An interviewer asked how the district builds in an effort to be experimenting with different ways of doing things. Carlson said Anoka-Hennepin is a very efficient district, with only three percent administrative costs. "We can't give much to research and development," he said. "I don't know where to find money for it other than through business partnerships." He described partnerships between the district and various companies to work on technology, website design and marketing the district.
Clarkson added that special education has had a really successful experiment with technology: some children with autism have used iPads successfully.
Early learning, early college, technology-assisted learning and redesign of the paperwork system could make special education more effective.
An interviewer asked about the top redesign structural and process changes in special education that could make it more effective. Carlson responded with three: (1) early education; (2) early college for all students, so that they would have two years of college credit as they graduate; and (3) technology-assisted learning. "There are some kids who haven't fared well in school who'd rather work with computers than with a human being," he said.

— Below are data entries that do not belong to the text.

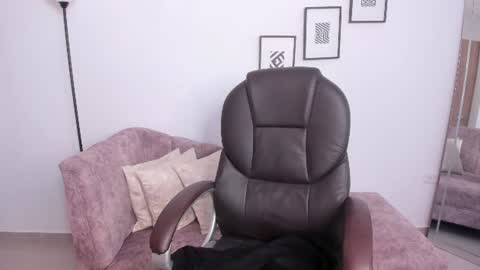 amber_willow online show from August 8, 2:28 pm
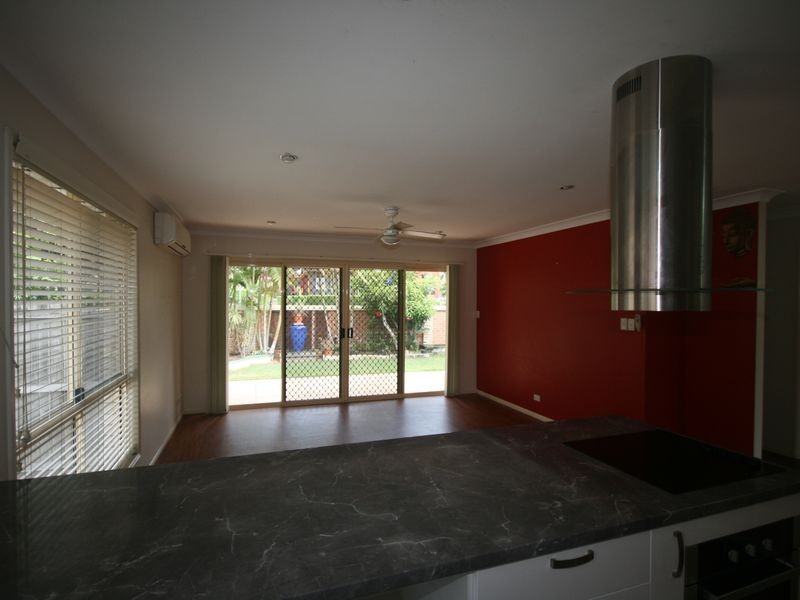 2/344 Pine Mountain Rd., Carina Heights QLD 4152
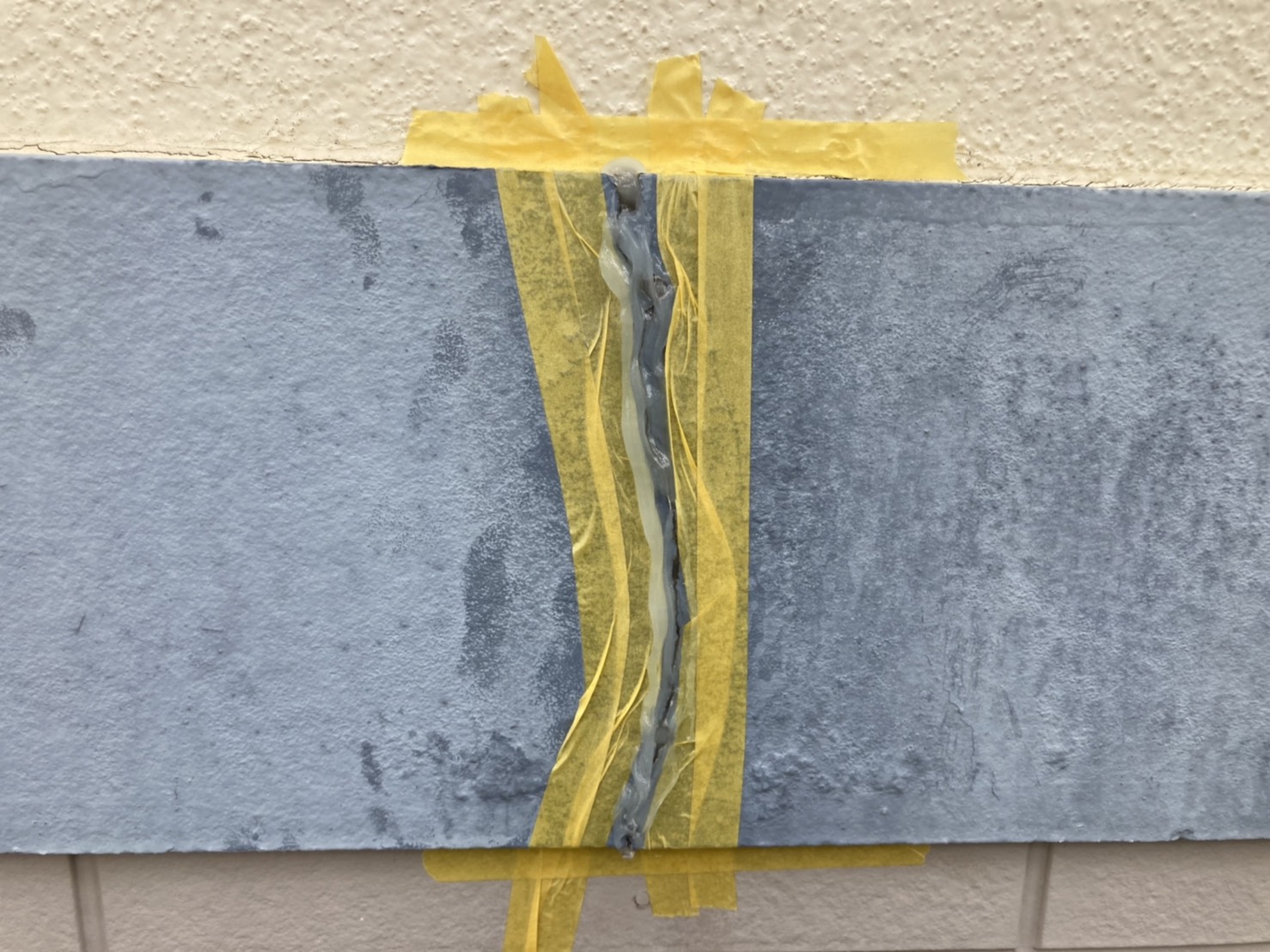 シーリングを充填していきます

Clarkson added that the paperwork system at both the state and federal levels must be redesigned. The majority of parents don't understand it, she said. "Because the special education system was built on litigation, you have a system where most of the time is spent on dotting i's and crossing t's. The mandated paperwork is intense."
"We really need to look at program growth for all students, rather than IEPs," she continued. "It would save time, money and stress and benefit the whole system. I would use IEPs only for the most intensive students, which would cut 70 percent to 80 percent of IEPs. I would not cut the funding, because then you could have flexibility on how you use your staff. Without flexibility of funding, it's hard to maximize outcomes for kids." She said then the district could better serve some students who are also at risk, but don't fit into any of the special education categories.
Carlson commented, "We are bogged down with process. Let's get outcome and results focused. The government is burying us with unfunded mandates. They're making political decisions. I don't need a political decision; as superintendent, I need a practical answer."
There are many barriers to successfully melding grades 11 to 14.
"We graduate 3,000 students every year," he said. "Ten percent of those are through community education, getting a GED, or high school diploma equivalent. One thousand of the 3,000 graduates go to college and do very well; 1,000 do not go to college; and there are 1,000 in the middle that somebody's got to have a plan for. But higher education doesn't have a plan. We must have a sense of urgency about this."
The early 1970s were the best time for education in Minnesota.
In response to a question, Carlson said the best time for education was at the time of the "Minnesota miracle" in the early 1970s, when the state said it would pay for education. "If I could do one thing, I'd leave education to the professionals, not to the politicians," he commented. "Politicians make public policy and don't do a computer run to see how it affects your local districts. This state does not fund the average school district adequately. It funds either the wealthy or poor districts or districts with high concentrations of poverty or kids of color."
Prioritize all-day kindergarten for funding over preschool education.
"Kindergarten is a great equalizer if we have all-day, every-day kindergarten," he said. "We must have something like that in the system."
Conclusion
"We're in the business of tough love in education," Carlson concluded. "It's a compromise between not enough funding and parents with demands through the roof. The more we can negotiate with parents about what you want this kid to be, the better off we'll be. And we'll do the best job we can."